## [Aim of the task]
Your task is to repeat the entries word for word while leaving out the pictures.

━━━━━ Information given

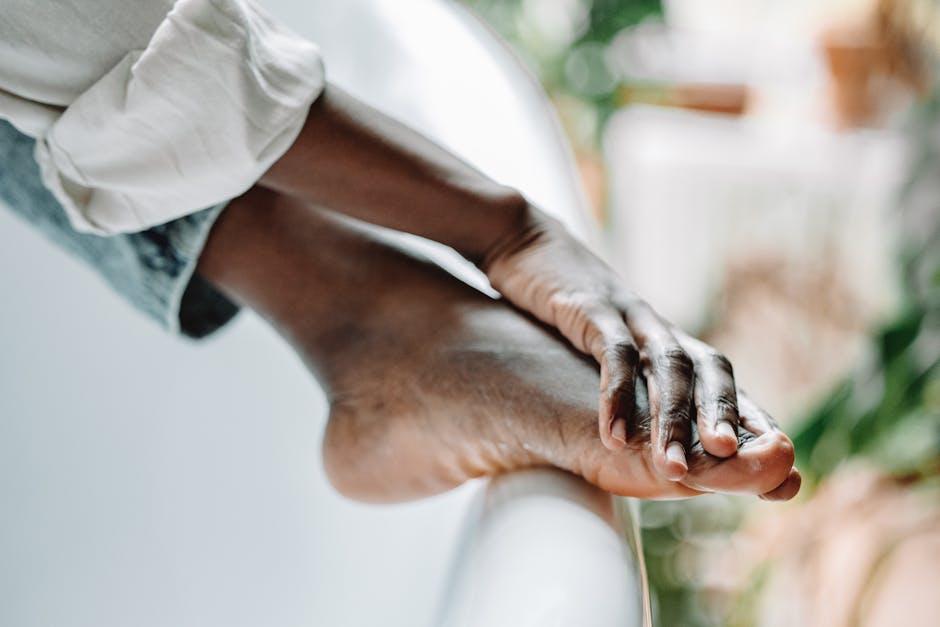 Close-up of a person's feet resting on a bathtub edge, conveying relaxation and self-care.
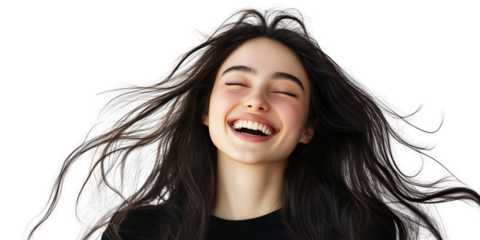 Radiant young woman with long flowing dark hair laughing joyfully, expressive natural portrait on black background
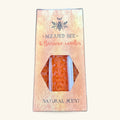 Pack of 6 natural orange beeswax candles in a hexagonal cardboard box with a bee logo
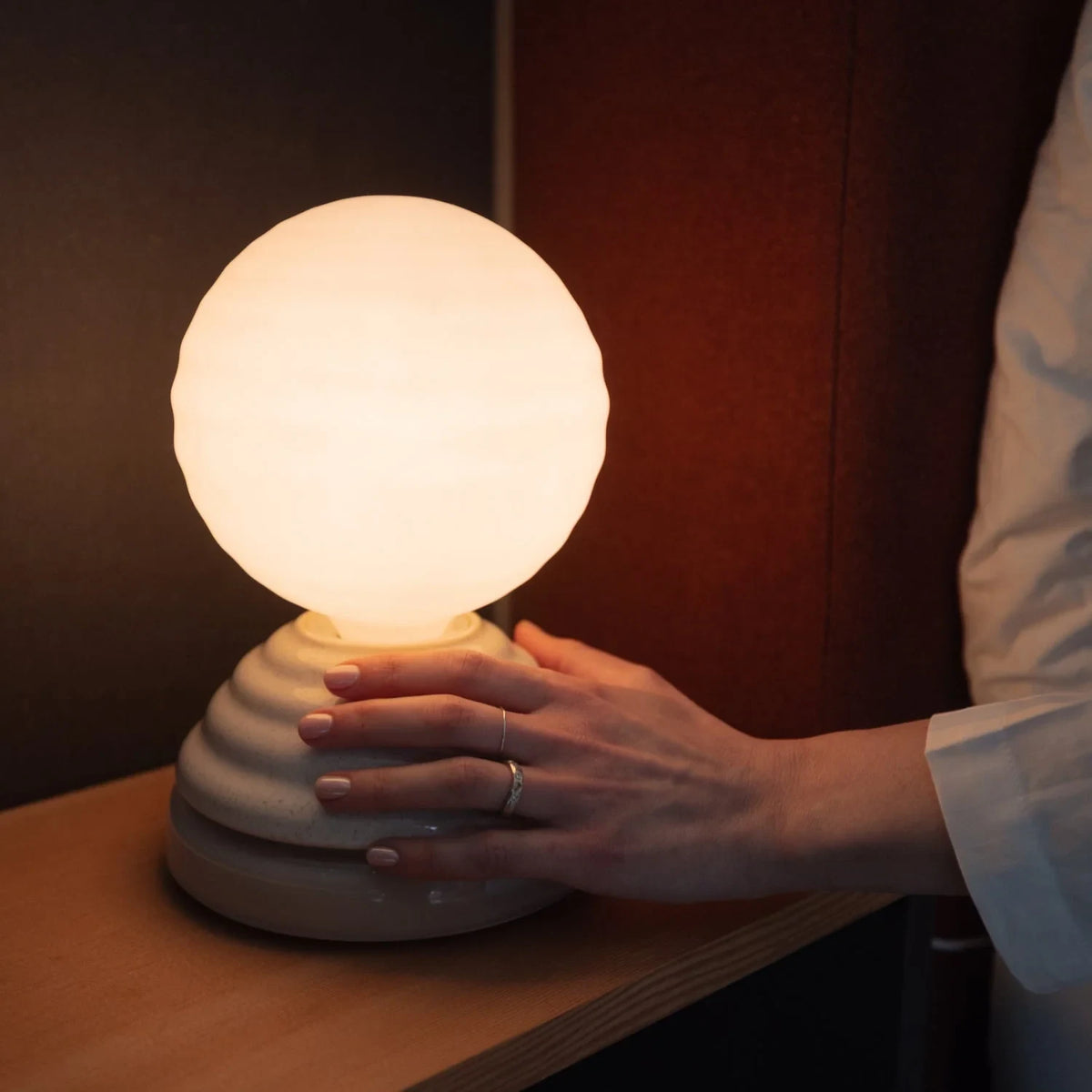 Ceramic wake light table lamp with sleep sounds, pebble white, hand on the rotating base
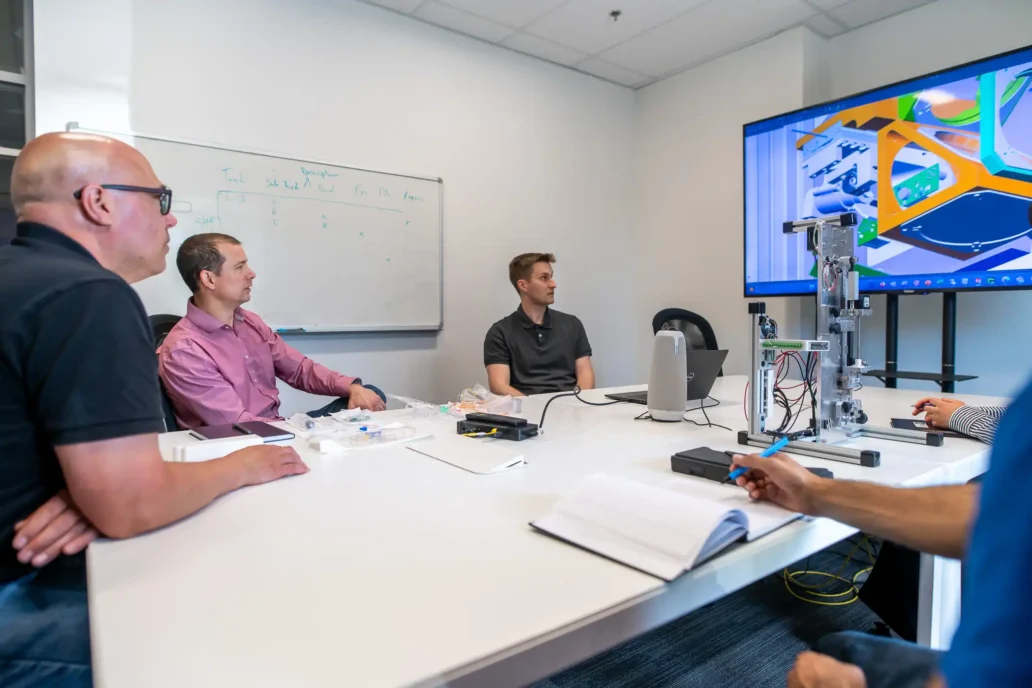 Engineering team reviews early-stage medical device design and manufacturability during a design transfer meeting at StarFish Medical.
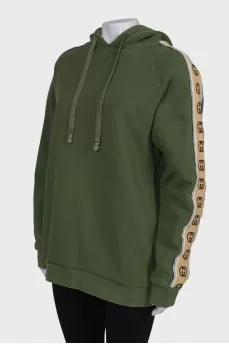 Green hoodie with brand logo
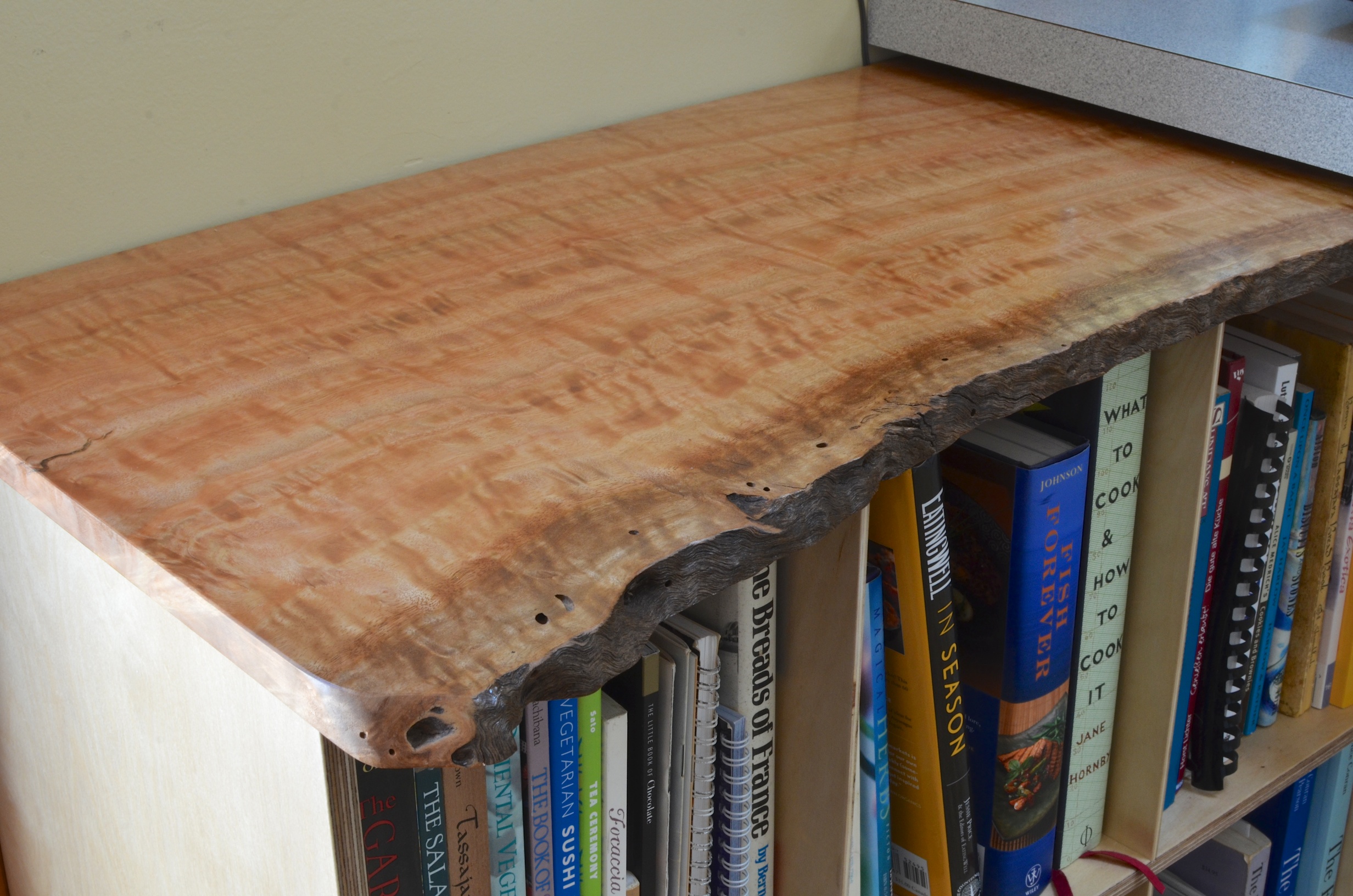 Cookbook Shelf. A piece of figured eucalyptus and birch fin-ply made a nice home for some formerly free ranging cookbooks.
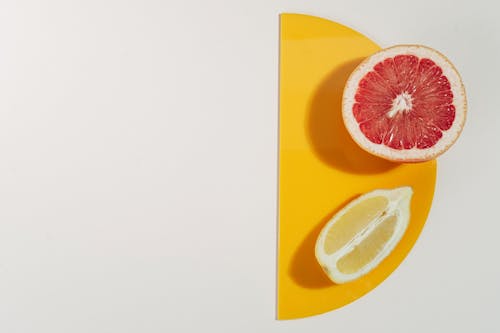 Halved Red Grapefruit and a Quarter of Lemon on a Yellow Semicircular Tray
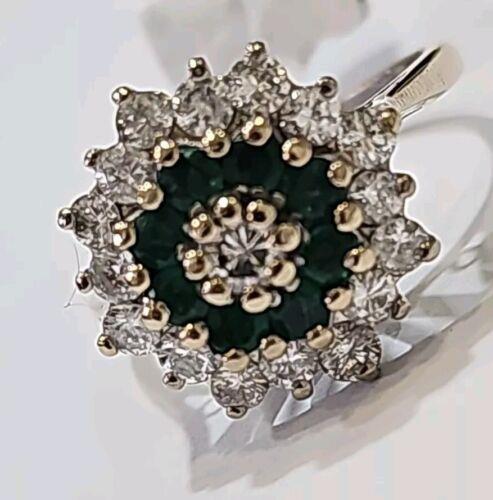 https://shared1.ad-lister.co.uk/UserImages/f9858451-6400-46df-9300-45516e64c4e1/Img/Diamondrings/18ct-white-gold-12-carat-emerald--100-carat-diamond-ring-p0.jpg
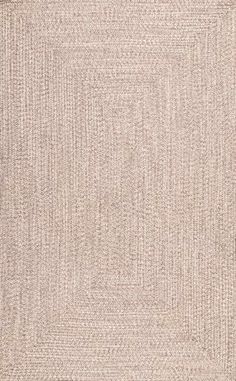 an area rug that is beige and has small squares in the middle, on top of it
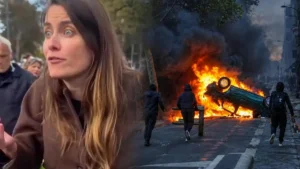 The image depicts a chaotic scene with a burning car and people running away, suggesting a protest or riot.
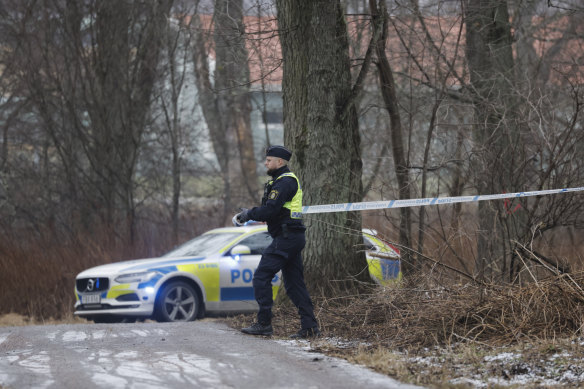 Police cordon off an area near Risbergska School in Orebro after the shooting. 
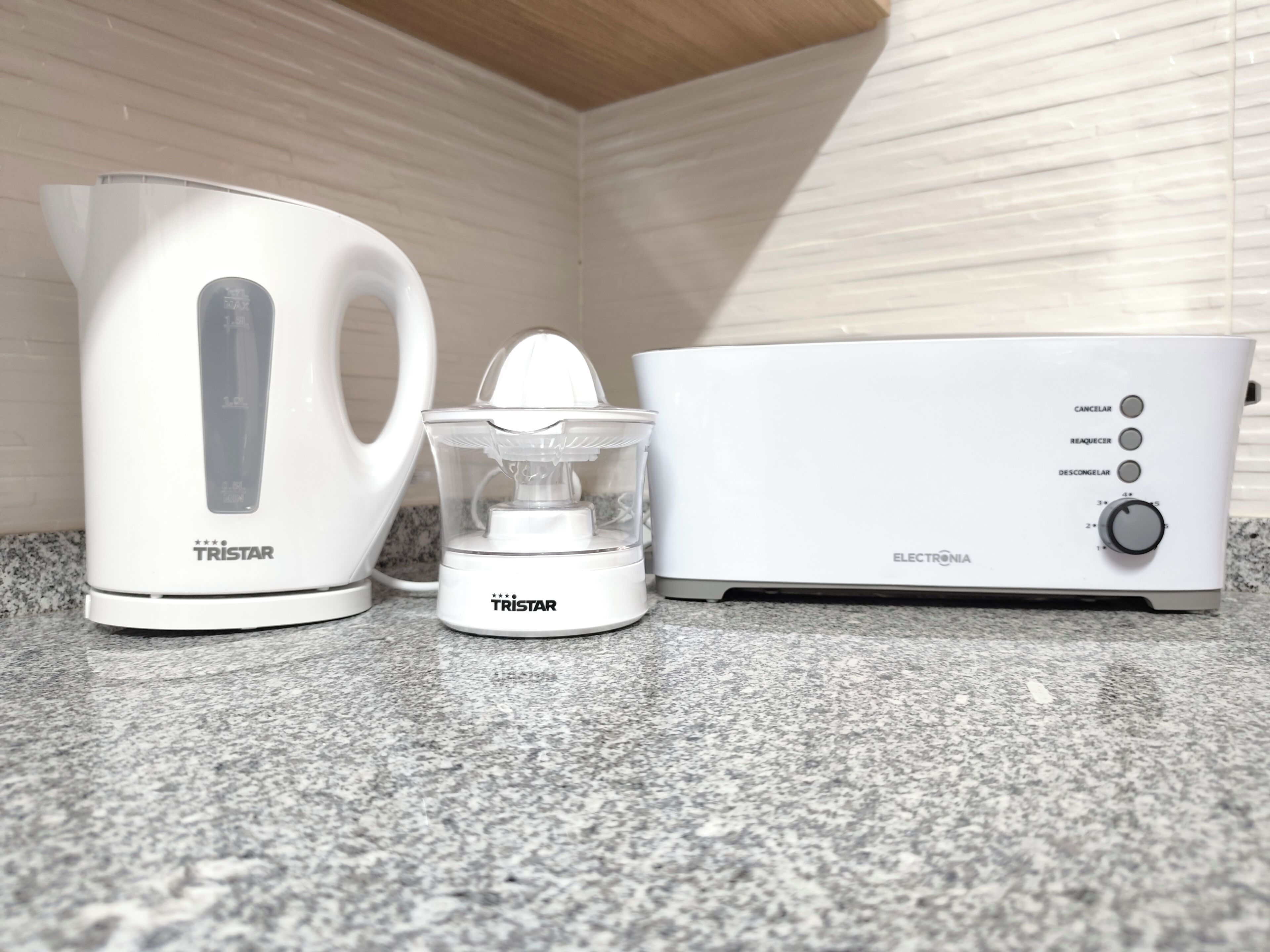 Eine Küche mit einem weißen Wasserkocher, einem Entsafter und einem Toaster.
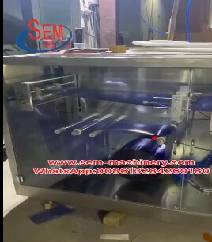 Automatic plastic ampoule liquid packing machine with a labeling machine.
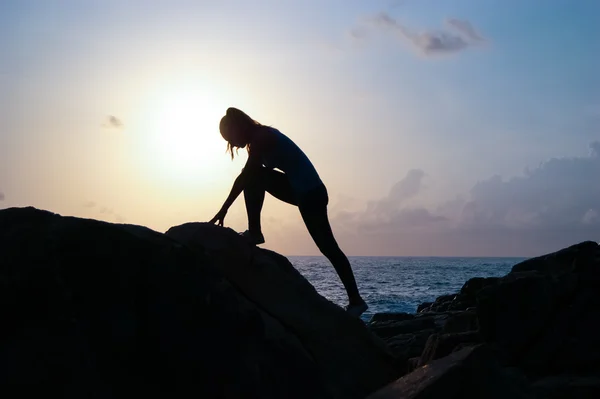 The young beautiful girl the sportswoman, in sportswear sneakers jumps through rocks at sunset, a high jump, physical training, fitness the instructor, an extreme sport, parkour,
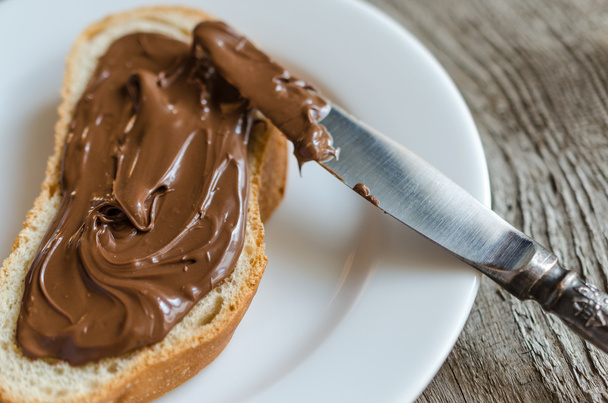 Slice of bread with chocolate cream - Foto, imagen
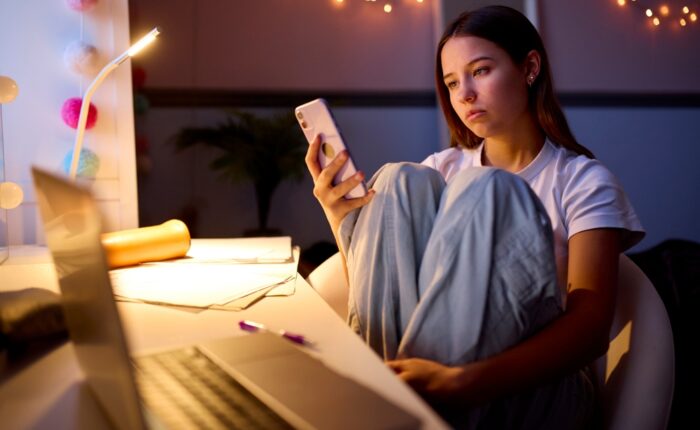 Anxious teen girl on her smartphone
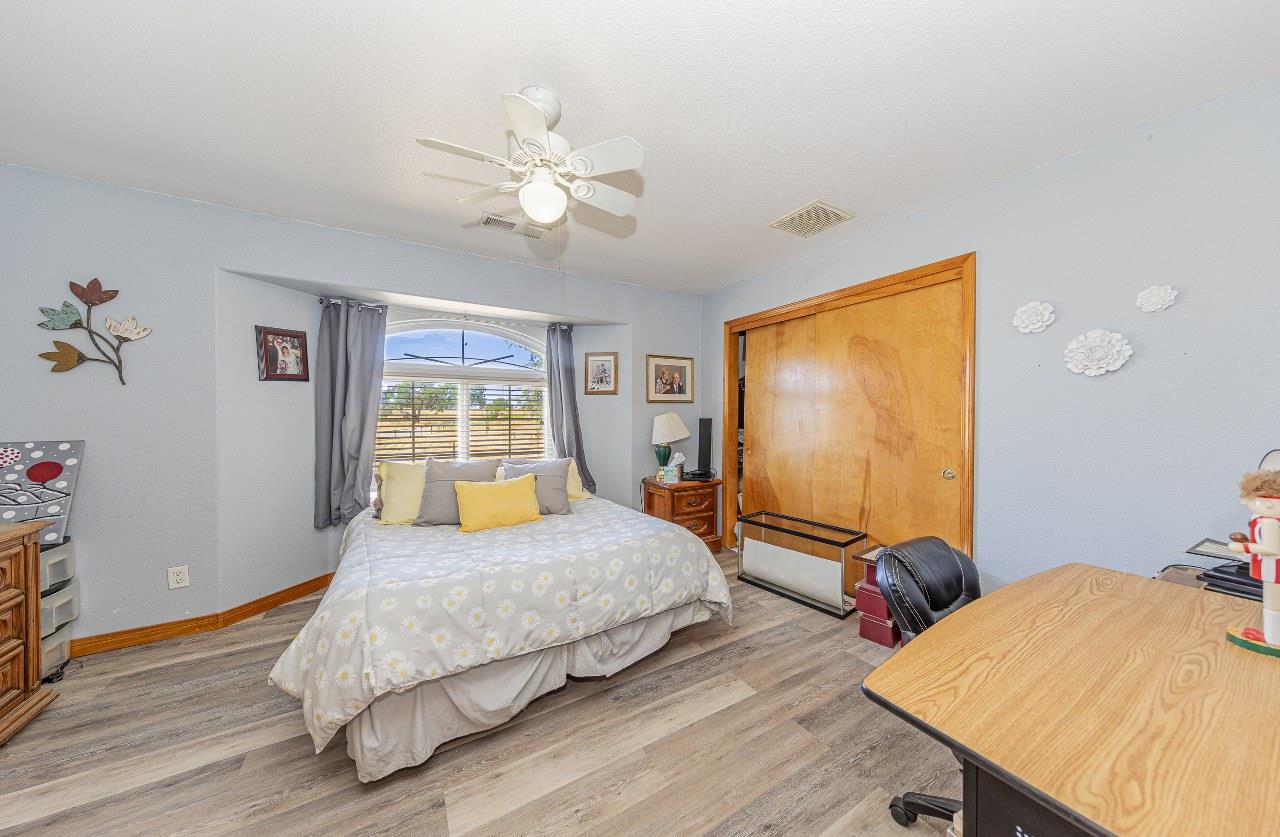 35095 Rough Rider Way Raymond, CA 93653 - Photo 27 of 57 a bedroom with a bed and a flat screen tv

━━━━━━━━━━

## [Written answer]
 Close-up of a person's feet resting on a bathtub edge, conveying relaxation and self-care.
 Radiant young woman with long flowing dark hair laughing joyfully, expressive natural portrait on black background
 Pack of 6 natural orange beeswax candles in a hexagonal cardboard box with a bee logo
 Ceramic wake light table lamp with sleep sounds, pebble white, hand on the rotating base
 Engineering team reviews early-stage medical device design and manufacturability during a design transfer meeting at StarFish Medical.
 Green hoodie with brand logo
 Cookbook Shelf. A piece of figured eucalyptus and birch fin-ply made a nice home for some formerly free ranging cookbooks.
 Halved Red Grapefruit and a Quarter of Lemon on a Yellow Semicircular Tray
 https://shared1.ad-lister.co.uk/UserImages/f9858451-6400-46df-9300-45516e64c4e1/Img/Diamondrings/18ct-white-gold-12-carat-emerald--100-carat-diamond-ring-p0.jpg
 an area rug that is beige and has small squares in the middle, on top of it
 The image depicts a chaotic scene with a burning car and people running away, suggesting a protest or riot.
 Police cordon off an area near Risbergska School in Orebro after the shooting. 
 Eine Küche mit einem weißen Wasserkocher, einem Entsafter und einem Toaster.
 Automatic plastic ampoule liquid packing machine with a labeling machine.
 The young beautiful girl the sportswoman, in sportswear sneakers jumps through rocks at sunset, a high jump, physical training, fitness the instructor, an extreme sport, parkour,
 Slice of bread with chocolate cream - Foto, imagen
 Anxious teen girl on her smartphone
 35095 Rough Rider Way Raymond, CA 93653 - Photo 27 of 57 a bedroom with a bed and a flat screen tv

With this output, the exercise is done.